TASK:
A word-for-word copy of all entries is required, without images.

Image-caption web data
#####

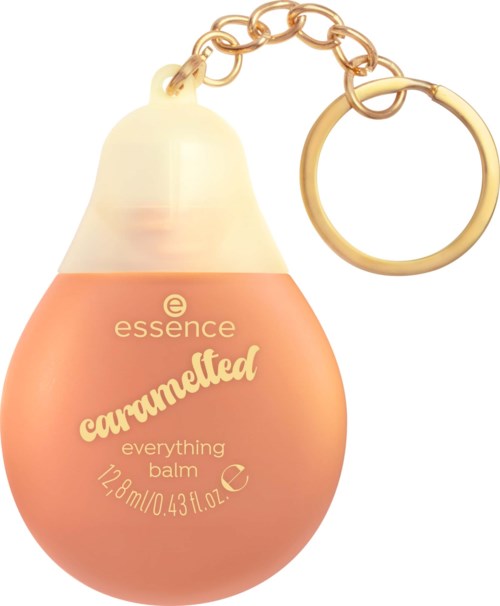 Caramellfärgad Essence everything balm i en tårformad behållare med nyckelringsdetalj, med gulddetaljer och varumärke.
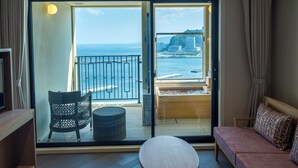 A balcony with a view of the sea and buildings, a sofa, a chair, and a small table. - La Vista Atami Terrace (Atami)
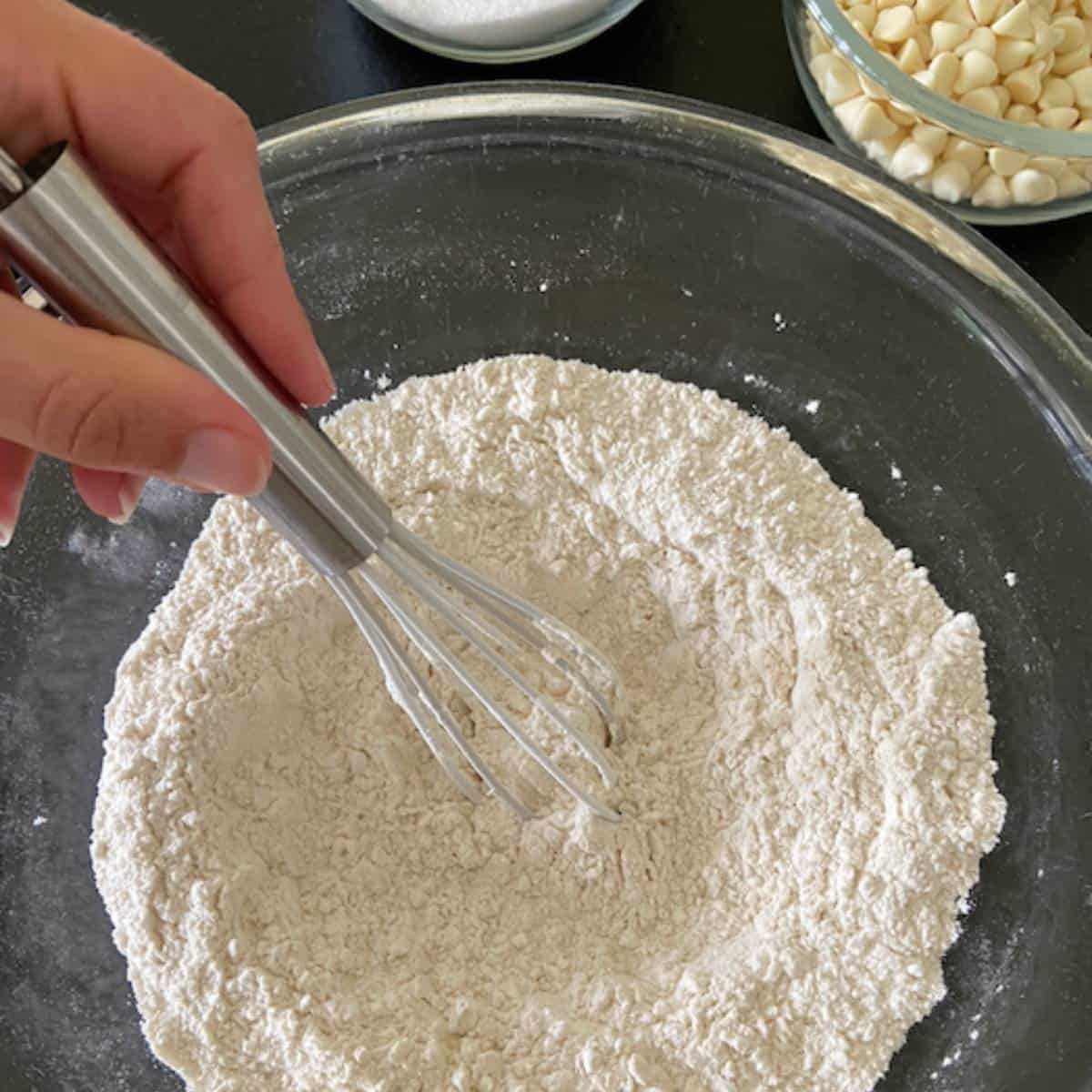 Hand mixing dry ingredients for muffins.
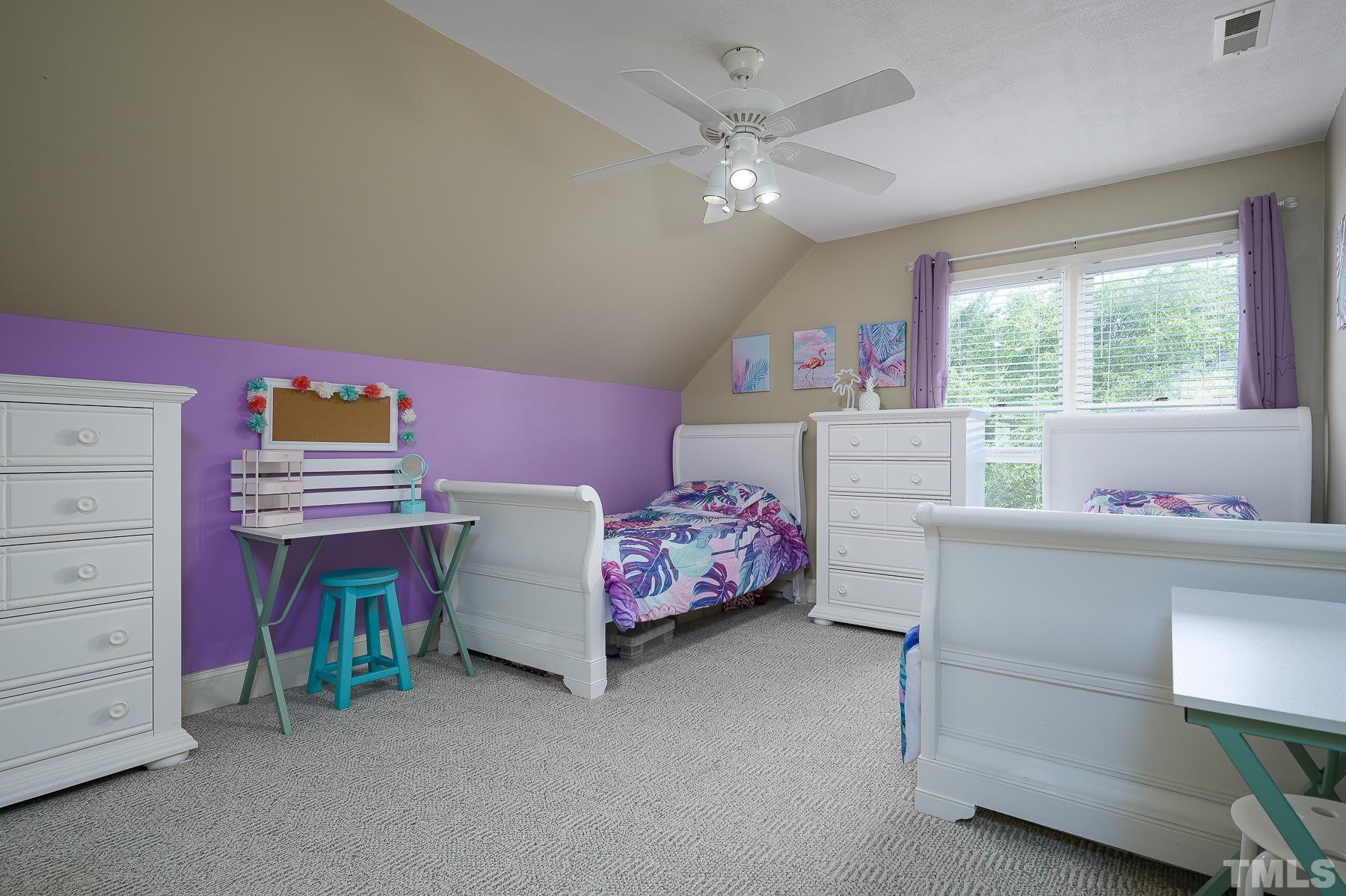 701 Modena Drive Cary, NC 27513 - Photo 29 of 39 a bedroom with a bed and a chandelier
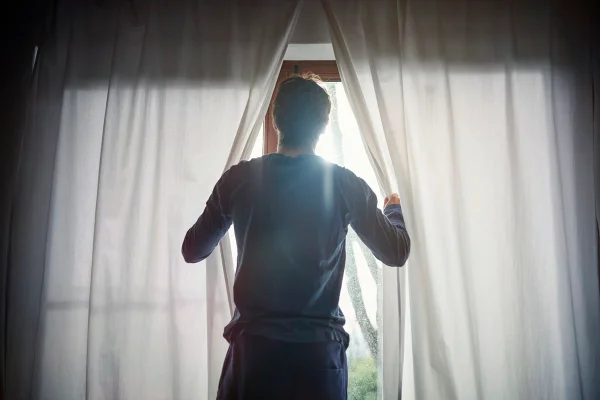 Foto de Homem abrindo cortinas no quarto - Metrópoles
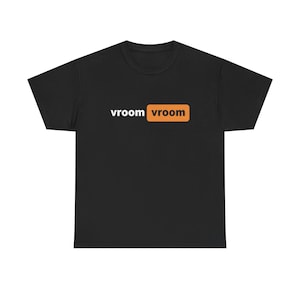 May include: Black t-shirt with the text "vroom vroom" in white letters inside an orange rectangle.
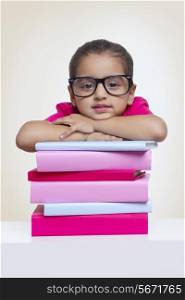 Portrait of confident girl leaning on stack of books against colored background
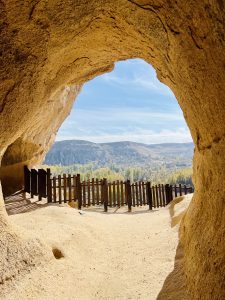 View from a cave entrance framed by rugged stone, overlooking a wooden fence and distant hilly landscape under a clear blue sky.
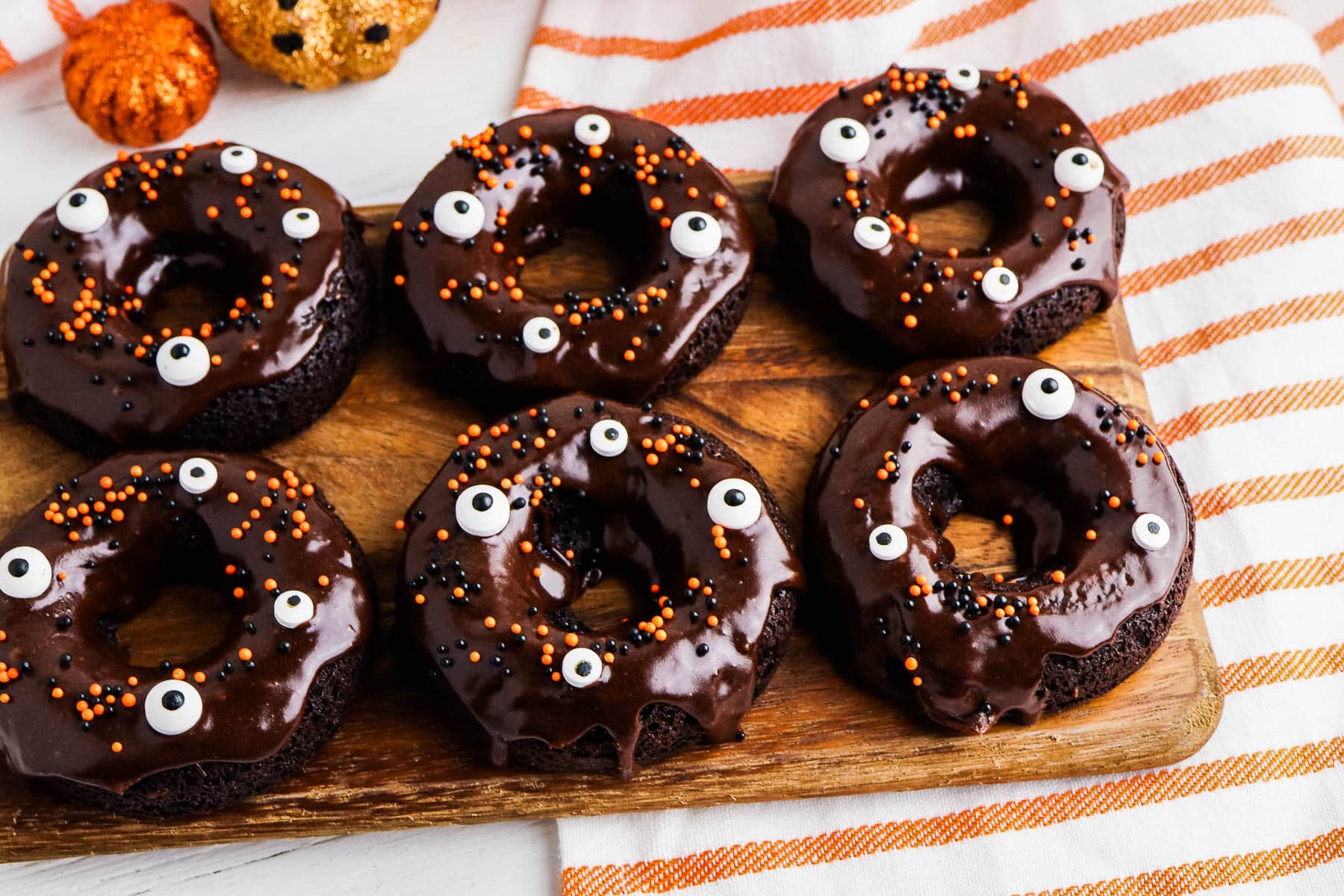 Chocolate Cake Mix Donuts decorated for halloween with frosting and sprinkles.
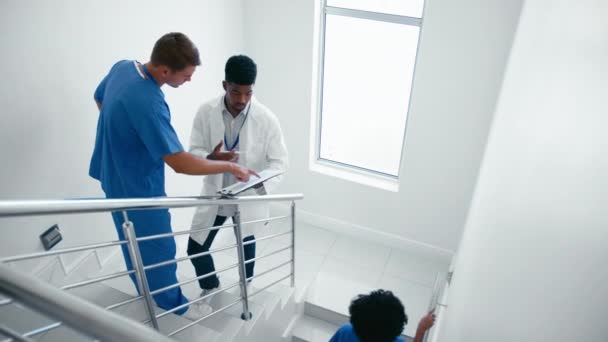 男医生身穿白色外套 与护士在医院楼梯上的洗澡间里讨论病人笔记 由女同事经过 动作缓慢 — 图库视频影像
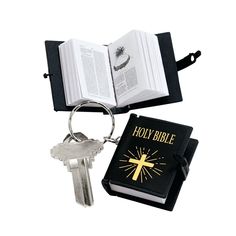 an open bible and keychain with a book on it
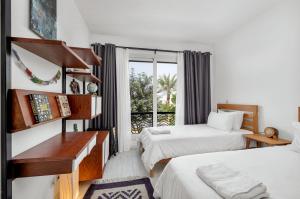 a hotel room with two beds and a window at Sunny Cairo City Center l Serviced l Golf l Pool l Gym l 1 in Cairo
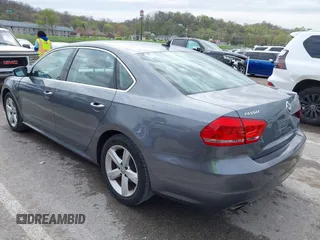 2013 Volkswagen Passat SE with VIN 1VWBH7A31DC084351, listed as a IAAI auction lot 42014167 with 187,959 mi miles and . Bid and sale history available at DreamBid. Image 3.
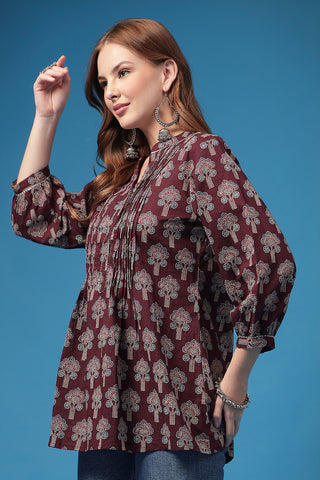 Plum Top print; all over pattern enhances the garment design.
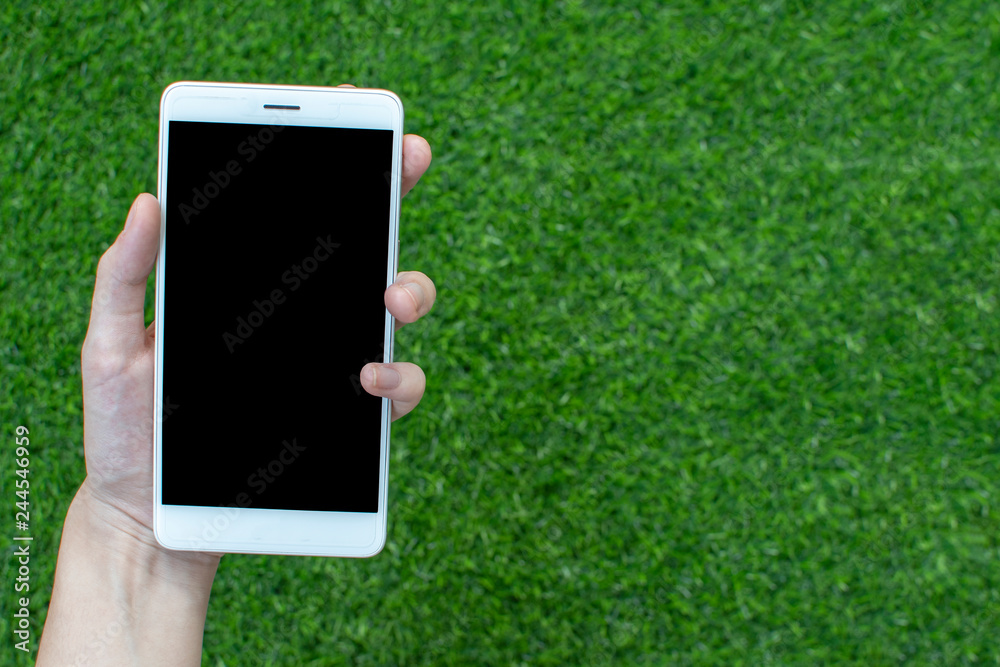 hand holding smartphone on green grass background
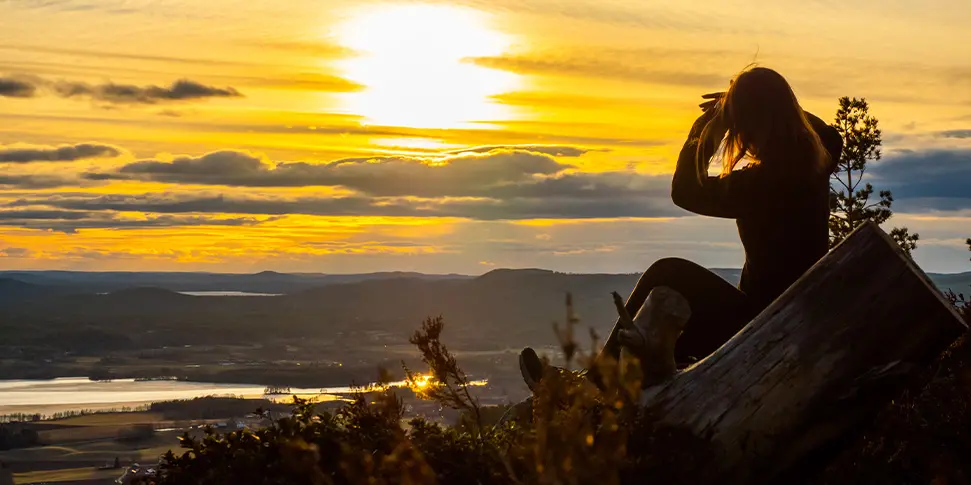 Person sitter på berg och kollar på solnedgången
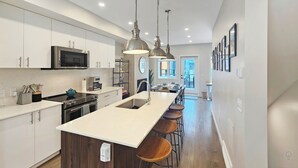 Een moderne keuken met een centraal eiland, roestvrijstalen apparatuur, hanglampen en uitzicht op de eetruimte.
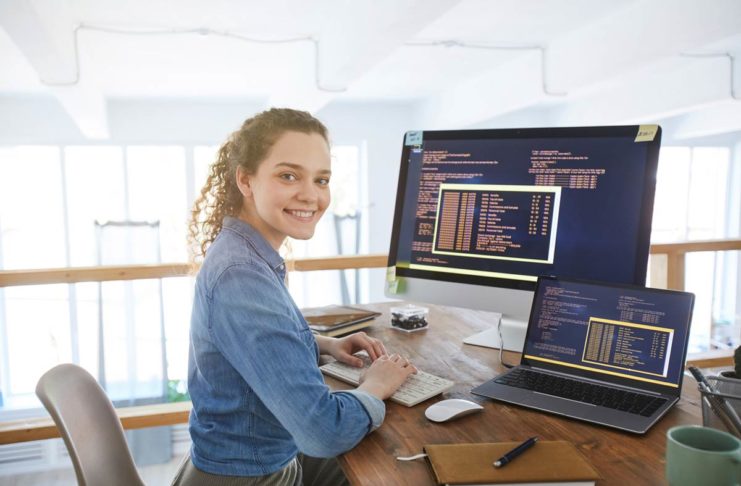 IT Developer Reading Code - Jobs and Careers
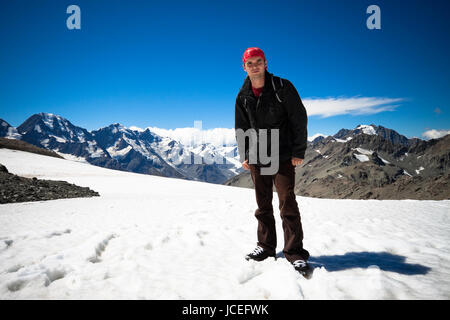 Giovane uomo in piedi sulla vetta del Monte Cook la montagna più alta in Nuova Zelanda, raggiungendo 3,754 metri. Parco nazionale di Mount Cook, Alpi del Sud, South Island, in Nuova Zelanda. Foto Stock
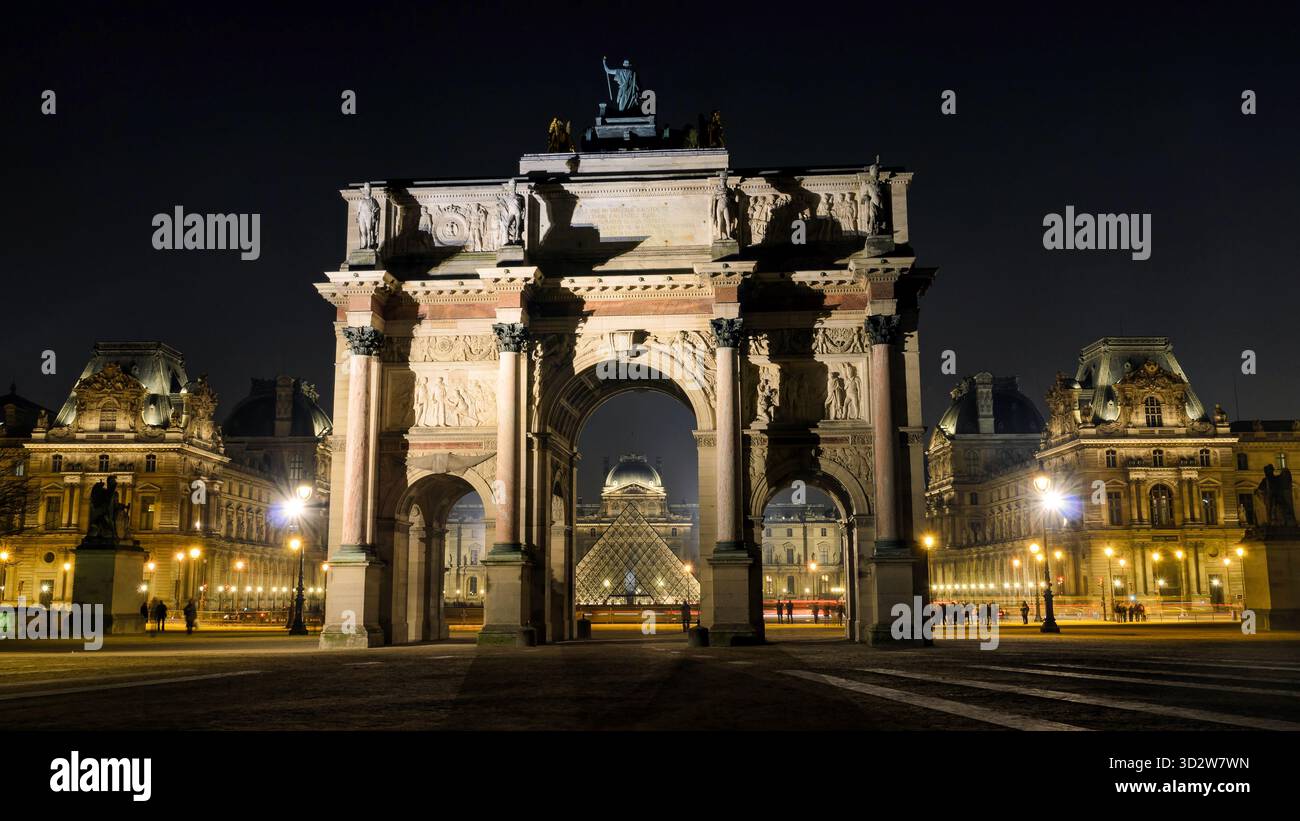 The Arc de Triomphe du Carrousel located in the Place du Carrousel, in font of the Louvre museum and the pyramid. Stock Photo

#####

ANSWER FOR THIS EXERCISE:
 Caramellfärgad Essence everything balm i en tårformad behållare med nyckelringsdetalj, med gulddetaljer och varumärke.
 A balcony with a view of the sea and buildings, a sofa, a chair, and a small table. - La Vista Atami Terrace (Atami)
 Hand mixing dry ingredients for muffins.
 701 Modena Drive Cary, NC 27513 - Photo 29 of 39 a bedroom with a bed and a chandelier
 Foto de Homem abrindo cortinas no quarto - Metrópoles
 May include: Black t-shirt with the text "vroom vroom" in white letters inside an orange rectangle.
 Portrait of confident girl leaning on stack of books against colored background
 View from a cave entrance framed by rugged stone, overlooking a wooden fence and distant hilly landscape under a clear blue sky.
 Chocolate Cake Mix Donuts decorated for halloween with frosting and sprinkles.
 男医生身穿白色外套 与护士在医院楼梯上的洗澡间里讨论病人笔记 由女同事经过 动作缓慢 — 图库视频影像
 an open bible and keychain with a book on it
 a hotel room with two beds and a window at Sunny Cairo City Center l Serviced l Golf l Pool l Gym l 1 in Cairo
 2013 Volkswagen Passat SE with VIN 1VWBH7A31DC084351, listed as a IAAI auction lot 42014167 with 187,959 mi miles and . Bid and sale history available at DreamBid. Image 3.
 Plum Top print; all over pattern enhances the garment design.
 hand holding smartphone on green grass background
 Person sitter på berg och kollar på solnedgången
 Een moderne keuken met een centraal eiland, roestvrijstalen apparatuur, hanglampen en uitzicht op de eetruimte.
 IT Developer Reading Code - Jobs and Careers
 Giovane uomo in piedi sulla vetta del Monte Cook la montagna più alta in Nuova Zelanda, raggiungendo 3,754 metri. Parco nazionale di Mount Cook, Alpi del Sud, South Island, in Nuova Zelanda. Foto Stock
 The Arc de Triomphe du Carrousel located in the Place du Carrousel, in font of the Louvre museum and the pyramid. Stock Photo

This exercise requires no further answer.